Subject to applicable law, the Adviser or its affiliates may enter into side letters or other arrangements with
one or more Clients, or employees or affiliates of the Adviser, which have the effect of establishing rights
under, or altering or supplementing, the terms of the Investment Vehicle’s offering documents. Such rights
established by side letters, the constituent documents of parallel vehicles or other arrangements entered
into by the Adviser, or an affiliate, may include, but are not limited to: (i) modification to a Client’s
proportionate share of fees or expenses (including management fee, incentive allocation distributions,
and/or other fees or expenses, through discounts, rebates or otherwise, which may differ among other
things in alternative means of amount, timing, calculation basis and/or payment, as determined in the
Adviser’s or affiliate’s sole discretion); (ii) the addition of or forbearance from a term contained within an
agreement to accommodate a Client’s specific regulatory, tax, operational, policy or legal concern;(iii) a
modification of the right of the Adviser, or affiliate, to make distributions in kind; (iv) the right to receive
enhanced or modified disclosure in regards to investments in such Client’s account, (v) transfer rights, (vi)
rights related to specific investments or restrictions
with respect to specific investments, directly or indirectly
held by the partnership or investment vehicle, (vii) terms related to a limited partner’s position as a member
or observer of an advisory board, and/or (viii) rights relating to co-investments, (ix) aggregation of
commitments from a consultant or other affiliated limited partners, (x) the outside dates of parallel vehicles,
(xi) investment and tax structuring and/or (xii) other rights requested by limited partners from time-to-time
and granted by the Adviser or its affiliates in their sole discretion.
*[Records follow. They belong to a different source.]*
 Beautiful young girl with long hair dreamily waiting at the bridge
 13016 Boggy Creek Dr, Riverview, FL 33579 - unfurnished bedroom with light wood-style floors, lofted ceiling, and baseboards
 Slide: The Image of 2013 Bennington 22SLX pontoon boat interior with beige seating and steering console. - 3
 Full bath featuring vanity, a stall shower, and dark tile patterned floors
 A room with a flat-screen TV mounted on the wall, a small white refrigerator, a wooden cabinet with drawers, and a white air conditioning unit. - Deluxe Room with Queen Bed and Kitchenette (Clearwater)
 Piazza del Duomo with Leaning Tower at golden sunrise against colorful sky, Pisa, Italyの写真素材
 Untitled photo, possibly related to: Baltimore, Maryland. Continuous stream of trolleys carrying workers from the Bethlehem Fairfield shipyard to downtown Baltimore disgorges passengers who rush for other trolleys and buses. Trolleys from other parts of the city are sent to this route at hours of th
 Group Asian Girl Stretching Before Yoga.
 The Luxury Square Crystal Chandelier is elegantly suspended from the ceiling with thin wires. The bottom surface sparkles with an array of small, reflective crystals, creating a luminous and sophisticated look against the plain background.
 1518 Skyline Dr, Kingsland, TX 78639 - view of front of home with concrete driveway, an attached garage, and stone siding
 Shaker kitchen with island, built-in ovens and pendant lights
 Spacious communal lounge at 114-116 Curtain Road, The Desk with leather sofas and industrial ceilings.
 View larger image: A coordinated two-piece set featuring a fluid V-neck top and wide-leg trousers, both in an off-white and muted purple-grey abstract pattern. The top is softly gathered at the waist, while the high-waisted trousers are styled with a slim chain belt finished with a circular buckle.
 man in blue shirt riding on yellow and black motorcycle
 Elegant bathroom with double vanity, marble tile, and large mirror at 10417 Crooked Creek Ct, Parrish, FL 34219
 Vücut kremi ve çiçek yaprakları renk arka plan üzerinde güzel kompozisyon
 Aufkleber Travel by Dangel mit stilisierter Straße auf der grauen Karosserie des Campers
Such rights may be granted on account
of, but not limited to, one of the following reasons: (i) a subscription by a Client at an early date; (ii) the time
and size of a Client’s commitment; (iii) the overall commitments or a prior or expected future commitment(s)
by a Client to a vehicle whose investment advice is provided by the Adviser or one of its affiliates or (iv) a
Client’s legal, tax, operational, policy, commercial or regulatory requirements.
The Adviser, through affiliated general partners, also provides certain administrative services to investment
vehicles that are not advisory clients of the Adviser.
With respect to the Registered Investment Companies, the Adviser tailors its advisory services based on
the investment objectives and strategies of each Registered Investment Company. In that regard, the
requests or needs of individual investors in the Registered Investment Companies are not taken into
account, nor are such investors permitted to restrict or otherwise control the investments of the Registered
Investment Companies. For more detailed information regarding the Registered Investment Companies
please contact the Adviser at (212) 908-2600.
As of December 31, 2023, the Adviser managed discretionary assets on a committed basis in the amount
of approximately $21.3 billion. As of December 31, 2023, the Adviser also managed non-discretionary
assets on a committed basis in the amount of approximately $1.78 billion.
The Adviser is wholly owned by Partners Group Holding AG, a Swiss corporation. Partners Group Holding
AG is a public company in Switzerland and is listed on the SIX Swiss Exchange (ticker: PGHN or “Partners
Group”).
The Adviser uses the services of one or more Partners Group subsidiaries or appropriate personnel of one
or more Partners Group subsidiaries for investment advice, portfolio execution and trading, operational
support, and client servicing in their local or regional markets or their areas of special expertise without
specific consent by the Client, except to the extent explicitly restricted by the Client in or pursuant to its
investment advisory agreement, or inconsistent with applicable law. Arrangements among affiliates take a
variety of forms, including but not limited to dual employee, delegation, participating affiliate, sub-advisory,
sub-agency, administrative or other servicing agreements. This practice is designed to make Partners
Group's global capabilities available to the Adviser’s Clients in as seamless a manner as practical within a
varying global regulatory framework. In these circumstances, the Adviser remains fully responsible for its
Clients from a legal and contractual perspective, Unless otherwise disclosed in the Client’s investment
management agreement, governing documents and/or offering memorandum or prospectus, the Adviser
will not charge additional fees for the affiliates’ services.